## TASK BRIEF
Please return each record exactly as it stands.

Referring expression grounding data:
▼

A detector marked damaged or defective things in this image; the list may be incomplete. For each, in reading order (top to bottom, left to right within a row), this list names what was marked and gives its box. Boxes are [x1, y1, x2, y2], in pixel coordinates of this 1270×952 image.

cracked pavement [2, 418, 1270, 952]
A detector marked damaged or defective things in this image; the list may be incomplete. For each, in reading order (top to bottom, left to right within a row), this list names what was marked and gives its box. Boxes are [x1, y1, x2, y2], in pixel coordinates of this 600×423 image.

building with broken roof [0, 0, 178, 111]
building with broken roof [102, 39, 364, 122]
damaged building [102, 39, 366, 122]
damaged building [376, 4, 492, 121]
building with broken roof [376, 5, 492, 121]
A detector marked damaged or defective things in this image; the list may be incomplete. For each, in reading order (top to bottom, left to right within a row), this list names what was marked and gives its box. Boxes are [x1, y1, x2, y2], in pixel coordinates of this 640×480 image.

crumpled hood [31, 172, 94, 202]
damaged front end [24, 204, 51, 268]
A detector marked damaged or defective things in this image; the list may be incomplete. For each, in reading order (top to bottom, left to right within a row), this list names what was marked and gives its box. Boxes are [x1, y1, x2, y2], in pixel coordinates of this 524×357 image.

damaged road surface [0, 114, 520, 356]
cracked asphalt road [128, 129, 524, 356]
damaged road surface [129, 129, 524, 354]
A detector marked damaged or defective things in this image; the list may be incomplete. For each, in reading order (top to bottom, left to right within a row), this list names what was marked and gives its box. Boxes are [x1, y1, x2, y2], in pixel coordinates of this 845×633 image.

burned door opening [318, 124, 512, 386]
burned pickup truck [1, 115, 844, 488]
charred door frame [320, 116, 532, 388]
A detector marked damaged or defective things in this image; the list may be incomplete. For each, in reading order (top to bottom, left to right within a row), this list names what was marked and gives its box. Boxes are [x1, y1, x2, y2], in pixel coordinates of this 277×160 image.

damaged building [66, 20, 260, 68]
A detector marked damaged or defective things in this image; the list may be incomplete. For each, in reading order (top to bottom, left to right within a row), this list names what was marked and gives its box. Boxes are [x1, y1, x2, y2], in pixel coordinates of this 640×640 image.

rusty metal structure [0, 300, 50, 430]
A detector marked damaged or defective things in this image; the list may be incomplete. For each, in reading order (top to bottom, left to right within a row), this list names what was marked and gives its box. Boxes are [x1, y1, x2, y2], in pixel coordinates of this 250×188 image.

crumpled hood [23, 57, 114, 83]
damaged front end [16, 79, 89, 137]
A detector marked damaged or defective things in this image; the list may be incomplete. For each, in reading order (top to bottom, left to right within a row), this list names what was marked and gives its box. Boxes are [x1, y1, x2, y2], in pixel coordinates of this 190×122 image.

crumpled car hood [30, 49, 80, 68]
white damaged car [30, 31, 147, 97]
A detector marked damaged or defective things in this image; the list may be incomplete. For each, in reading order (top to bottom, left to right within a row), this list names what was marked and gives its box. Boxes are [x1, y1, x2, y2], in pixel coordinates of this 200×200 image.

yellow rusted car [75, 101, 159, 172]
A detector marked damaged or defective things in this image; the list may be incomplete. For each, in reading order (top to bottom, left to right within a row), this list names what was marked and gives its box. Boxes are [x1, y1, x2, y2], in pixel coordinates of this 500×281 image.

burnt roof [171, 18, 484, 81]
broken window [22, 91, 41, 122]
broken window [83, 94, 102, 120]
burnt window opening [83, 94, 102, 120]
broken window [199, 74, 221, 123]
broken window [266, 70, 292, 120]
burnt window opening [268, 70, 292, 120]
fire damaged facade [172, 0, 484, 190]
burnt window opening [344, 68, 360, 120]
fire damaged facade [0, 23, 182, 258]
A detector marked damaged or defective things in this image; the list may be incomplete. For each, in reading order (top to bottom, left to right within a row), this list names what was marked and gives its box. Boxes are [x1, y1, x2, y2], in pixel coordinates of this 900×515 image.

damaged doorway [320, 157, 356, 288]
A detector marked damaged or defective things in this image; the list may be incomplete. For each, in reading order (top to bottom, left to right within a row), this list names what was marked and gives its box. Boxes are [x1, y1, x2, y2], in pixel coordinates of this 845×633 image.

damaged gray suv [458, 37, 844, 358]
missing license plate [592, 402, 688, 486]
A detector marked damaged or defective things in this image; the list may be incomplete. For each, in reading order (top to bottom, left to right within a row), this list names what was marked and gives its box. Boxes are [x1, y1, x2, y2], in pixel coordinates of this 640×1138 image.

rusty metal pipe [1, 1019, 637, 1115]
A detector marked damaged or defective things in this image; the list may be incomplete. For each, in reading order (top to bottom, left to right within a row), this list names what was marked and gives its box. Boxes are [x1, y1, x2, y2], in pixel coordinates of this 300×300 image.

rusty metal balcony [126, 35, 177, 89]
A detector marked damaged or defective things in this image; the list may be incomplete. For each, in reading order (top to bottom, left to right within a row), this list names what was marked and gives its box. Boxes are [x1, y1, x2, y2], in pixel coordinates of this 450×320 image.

▲

## RESULT FOR THIS TASK
A detector marked damaged or defective things in this image; the list may be incomplete. For each, in reading order (top to bottom, left to right within a row), this list names what was marked and gives its box. Boxes are [x1, y1, x2, y2], in pixel coordinates of this 1270×952 image.

cracked pavement [2, 418, 1270, 952]
A detector marked damaged or defective things in this image; the list may be incomplete. For each, in reading order (top to bottom, left to right within a row), this list names what was marked and gives its box. Boxes are [x1, y1, x2, y2], in pixel coordinates of this 600×423 image.

building with broken roof [0, 0, 178, 111]
building with broken roof [102, 39, 364, 122]
damaged building [102, 39, 366, 122]
damaged building [376, 4, 492, 121]
building with broken roof [376, 5, 492, 121]
A detector marked damaged or defective things in this image; the list may be incomplete. For each, in reading order (top to bottom, left to right within a row), this list names what was marked and gives its box. Boxes are [x1, y1, x2, y2], in pixel coordinates of this 640×480 image.

crumpled hood [31, 172, 94, 202]
damaged front end [24, 204, 51, 268]
A detector marked damaged or defective things in this image; the list may be incomplete. For each, in reading order (top to bottom, left to right within a row), this list names what was marked and gives its box. Boxes are [x1, y1, x2, y2], in pixel coordinates of this 524×357 image.

damaged road surface [0, 114, 520, 356]
cracked asphalt road [128, 129, 524, 356]
damaged road surface [129, 129, 524, 354]
A detector marked damaged or defective things in this image; the list may be incomplete. For each, in reading order (top to bottom, left to right within a row), this list names what was marked and gives its box. Boxes are [x1, y1, x2, y2], in pixel coordinates of this 845×633 image.

burned door opening [318, 124, 512, 386]
burned pickup truck [1, 115, 844, 488]
charred door frame [320, 116, 532, 388]
A detector marked damaged or defective things in this image; the list may be incomplete. For each, in reading order (top to bottom, left to right within a row), this list names what was marked and gives its box. Boxes are [x1, y1, x2, y2], in pixel coordinates of this 277×160 image.

damaged building [66, 20, 260, 68]
A detector marked damaged or defective things in this image; the list may be incomplete. For each, in reading order (top to bottom, left to right within a row), this list names what was marked and gives its box. Boxes are [x1, y1, x2, y2], in pixel coordinates of this 640×640 image.

rusty metal structure [0, 300, 50, 430]
A detector marked damaged or defective things in this image; the list may be incomplete. For each, in reading order (top to bottom, left to right within a row), this list names what was marked and gives its box. Boxes are [x1, y1, x2, y2], in pixel coordinates of this 250×188 image.

crumpled hood [23, 57, 114, 83]
damaged front end [16, 79, 89, 137]
A detector marked damaged or defective things in this image; the list may be incomplete. For each, in reading order (top to bottom, left to right within a row), this list names what was marked and gives its box. Boxes are [x1, y1, x2, y2], in pixel coordinates of this 190×122 image.

crumpled car hood [30, 49, 80, 68]
white damaged car [30, 31, 147, 97]
A detector marked damaged or defective things in this image; the list may be incomplete. For each, in reading order (top to bottom, left to right within a row), this list names what was marked and gives its box. Boxes are [x1, y1, x2, y2], in pixel coordinates of this 200×200 image.

yellow rusted car [75, 101, 159, 172]
A detector marked damaged or defective things in this image; the list may be incomplete. For each, in reading order (top to bottom, left to right within a row), this list names what was marked and gives its box. Boxes are [x1, y1, x2, y2], in pixel coordinates of this 500×281 image.

burnt roof [171, 18, 484, 81]
broken window [22, 91, 41, 122]
broken window [83, 94, 102, 120]
burnt window opening [83, 94, 102, 120]
broken window [199, 74, 221, 123]
broken window [266, 70, 292, 120]
burnt window opening [268, 70, 292, 120]
fire damaged facade [172, 0, 484, 190]
burnt window opening [344, 68, 360, 120]
fire damaged facade [0, 23, 182, 258]
A detector marked damaged or defective things in this image; the list may be incomplete. For each, in reading order (top to bottom, left to right within a row), this list names what was marked and gives its box. Boxes are [x1, y1, x2, y2], in pixel coordinates of this 900×515 image.

damaged doorway [320, 157, 356, 288]
A detector marked damaged or defective things in this image; the list may be incomplete. For each, in reading order (top to bottom, left to right within a row), this list names what was marked and gives its box. Boxes are [x1, y1, x2, y2], in pixel coordinates of this 845×633 image.

damaged gray suv [458, 37, 844, 358]
missing license plate [592, 402, 688, 486]
A detector marked damaged or defective things in this image; the list may be incomplete. For each, in reading order (top to bottom, left to right within a row), this list names what was marked and gives its box. Boxes are [x1, y1, x2, y2], in pixel coordinates of this 640×1138 image.

rusty metal pipe [1, 1019, 637, 1115]
A detector marked damaged or defective things in this image; the list may be incomplete. For each, in reading order (top to bottom, left to right within a row), this list names what was marked and gives its box. Boxes are [x1, y1, x2, y2], in pixel coordinates of this 300×300 image.

rusty metal balcony [126, 35, 177, 89]
A detector marked damaged or defective things in this image; the list may be incomplete. For each, in reading order (top to bottom, left to right within a row), this list names what was marked and gives its box. Boxes are [x1, y1, x2, y2], in pixel coordinates of this 450×320 image.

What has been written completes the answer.